# Superior 2.0 Eqing Tips?



## alex103188 (Apr 18, 2010)

Sup guise! I just recently picked up superior 2 and I've been having an effin blasty blast with it. But my only gripe is that I'm having a bit of trouble trying to get a solid crack out of the snare that's suitable for the musical fusion of the metal variety.

Any of you dudes (and possible dudettes) have any eqing/compression tips or possibly even presets that I could work off of to get that sound I'm looking for?

Thanks in advance for any helps!


----------



## S-O (Apr 18, 2010)

Well, are you used to using your own EQs or the built in EQ?


----------



## skeletor88 (Apr 18, 2010)

Also dont forget about dynamic processing.

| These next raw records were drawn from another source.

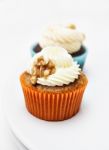 Cupcake With Walnuts Cream Stock Photo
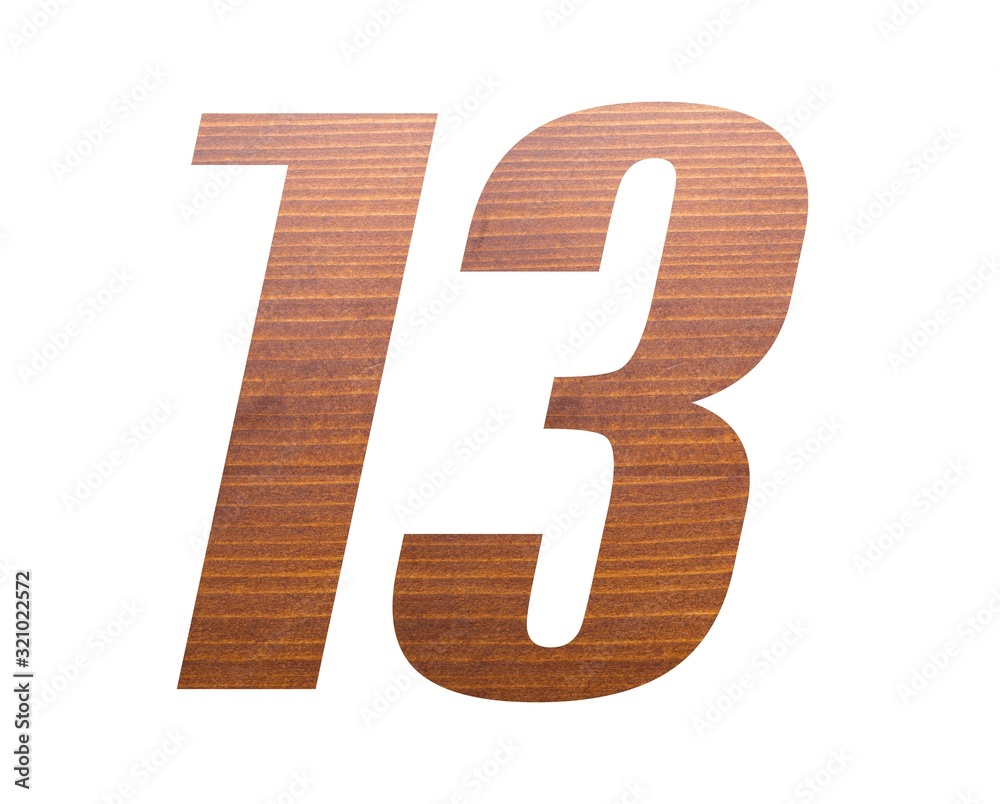Number 13 with brown wooden texture on white background. Number 13 with brown wooden texture on white background.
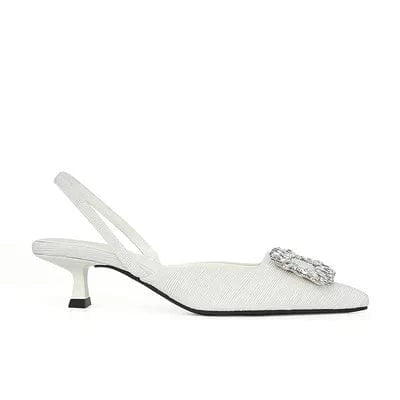 Women US7/Eur38 / White YQY012 Top Quality Luxury Rhinestone Square Button Low Heel 3cm High Heels Sandals For Women And Ladies Sandals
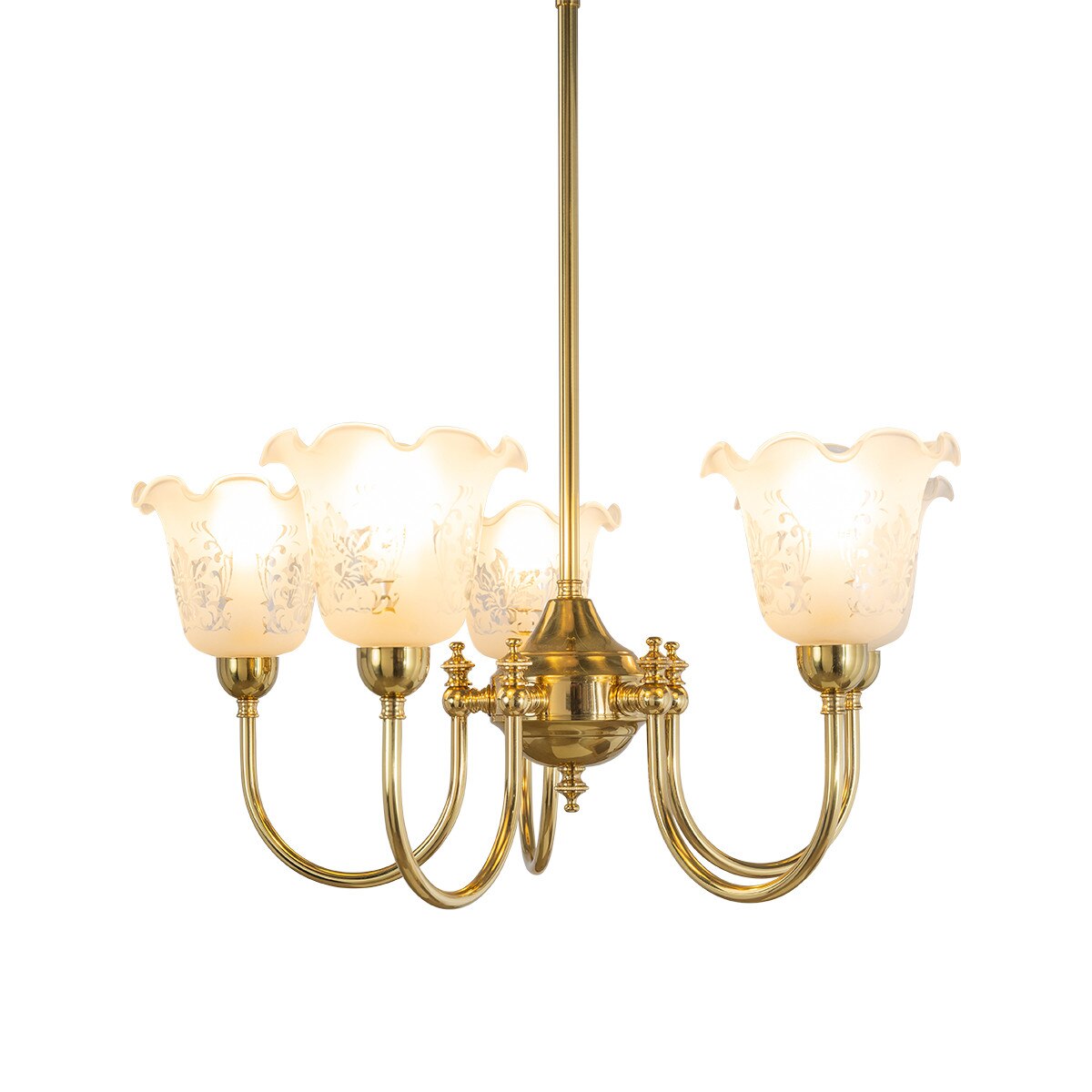Luke 5 Light Pendant Light with Shades Arms Up Polished Brass & Frost Etched - 3090405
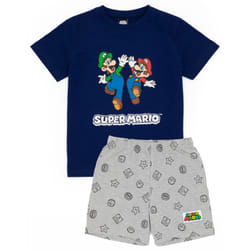 Super Mario Pyjamas Boys Shorts | Nintendo Kids Blue OR Red Short PJs | Luigi Mario T Shirt & Bottoms Nightwear Game Merchandise - Blue, 11-12 Years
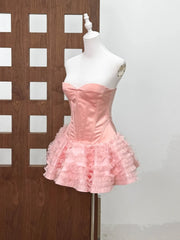 Strapless Lace-up Puffy Ruffles Patchwork Mini Dress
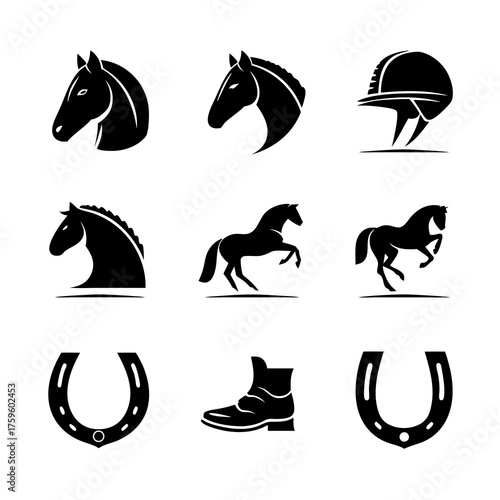 Equestrian Horse Icons Set: Silhouettes of Galloping Horses, Helmet, Boot, Horseshoes. Sports, Riding, and Racing Design Elements.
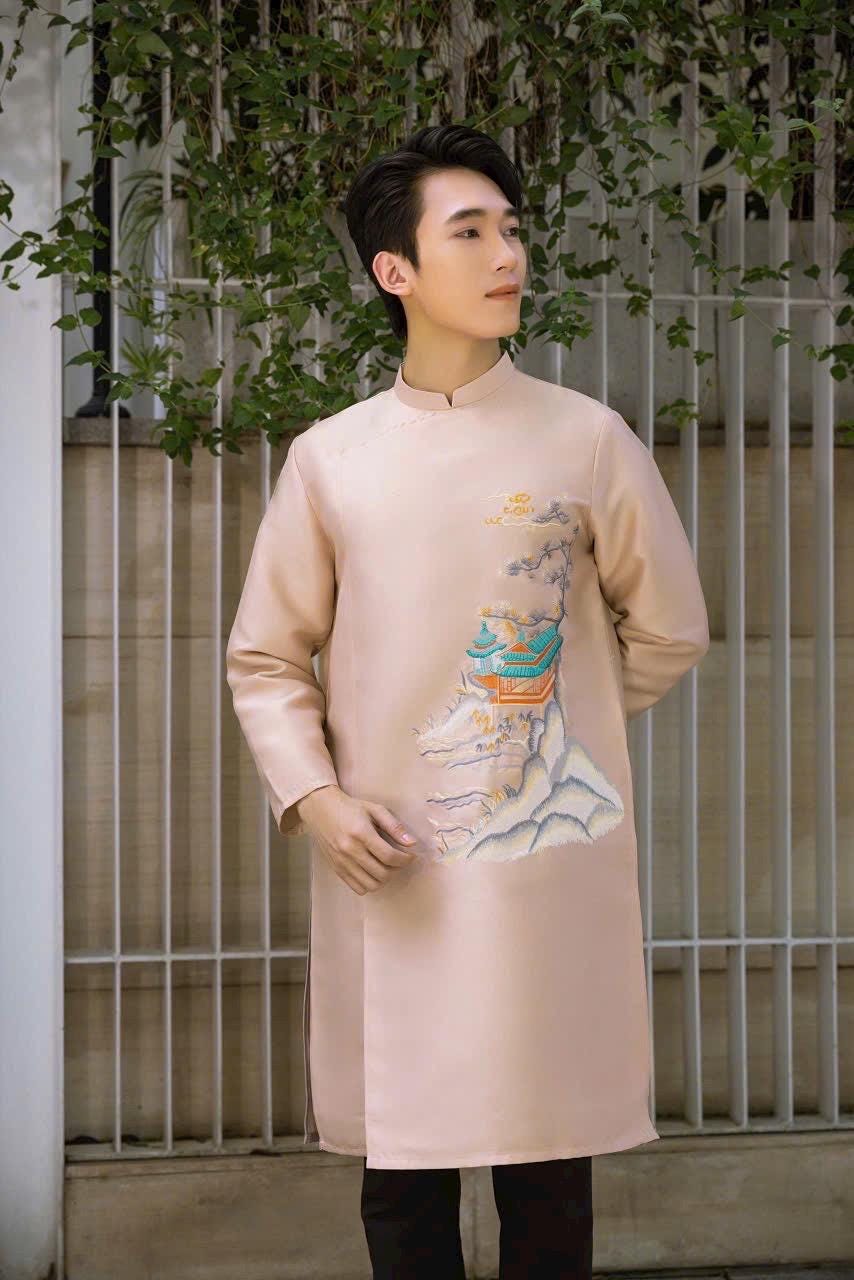 Temly Vietnamese aodai for men blue/ nude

I use the multi-output option instead of the standard stereo output. This means I can output each drums microphone to an individual output in my DAW's mixer. I find you can do a lot more fine tuning and use other compressors, limiters, etc etc that you can do with superiors built in plugins.


----------



## alex103188 (Apr 19, 2010)

I prefer the multi output option and using Logic's stuff as opposed to SD 2.0's because I don't have to open up the plugin for it all the time, haha. Plus everything can be adjusted.. Should I be using the plugins on the individual tracks in Superior instead?


----------



## DanielKRego (Apr 19, 2010)

Seconded the multiple output option, route your snare outputs to separate tracks in your DAW, and then EQ away with your plugin of choice.

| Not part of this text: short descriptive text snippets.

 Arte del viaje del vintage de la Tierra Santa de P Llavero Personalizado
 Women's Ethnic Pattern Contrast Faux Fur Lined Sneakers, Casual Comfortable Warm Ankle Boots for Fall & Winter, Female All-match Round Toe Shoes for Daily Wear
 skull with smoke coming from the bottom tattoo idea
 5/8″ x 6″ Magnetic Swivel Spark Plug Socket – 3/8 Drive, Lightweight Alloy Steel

I've noticed that the snares in DFH-related products need substantial boosts in the lower-mid regions to acquire the sort of heft and power that extreme metal needs.


----------



## alex103188 (Apr 19, 2010)

Hm chyes you're right I could have the top and bottom of the snare going to seperate channels in Logic, good idea!


----------



## S-O (Apr 19, 2010)

Multi out is the way to go, I sometimes use the built in EQs, but I am more comfortable with my DAW.


----------



## drmosh (Apr 20, 2010)

S-O said:


> Multi out is the way to go, I sometimes use the built in EQs, but I am more comfortable with my DAW.



I never bother with the multi out because when I do a final mix for a song I always bounce the tracks to separate audio files for maximum quality.


----------



## Mattayus (Apr 20, 2010)

alex103188 said:


> Sup guise! I just recently picked up superior 2 and I've been having an effin blasty blast with it. But my only gripe is that I'm having a bit of trouble trying to get a solid crack out of the snare that's suitable for the musical fusion of the metal variety.
> 
> Any of you dudes (and possible dudettes) have any eqing/compression tips or possibly even presets that I could work off of to get that sound I'm looking for?
> 
> Thanks in advance for any helps!



Generally speaking, getting that *crack* out of a snare is more to do with compression than EQ. Get the snare you use and solo each mic, process them (EQ, comp etc), un-solo them, get them sounding good together, then on the bottom of each mic's channel send them to one of the buses, then smash the shit out of it. 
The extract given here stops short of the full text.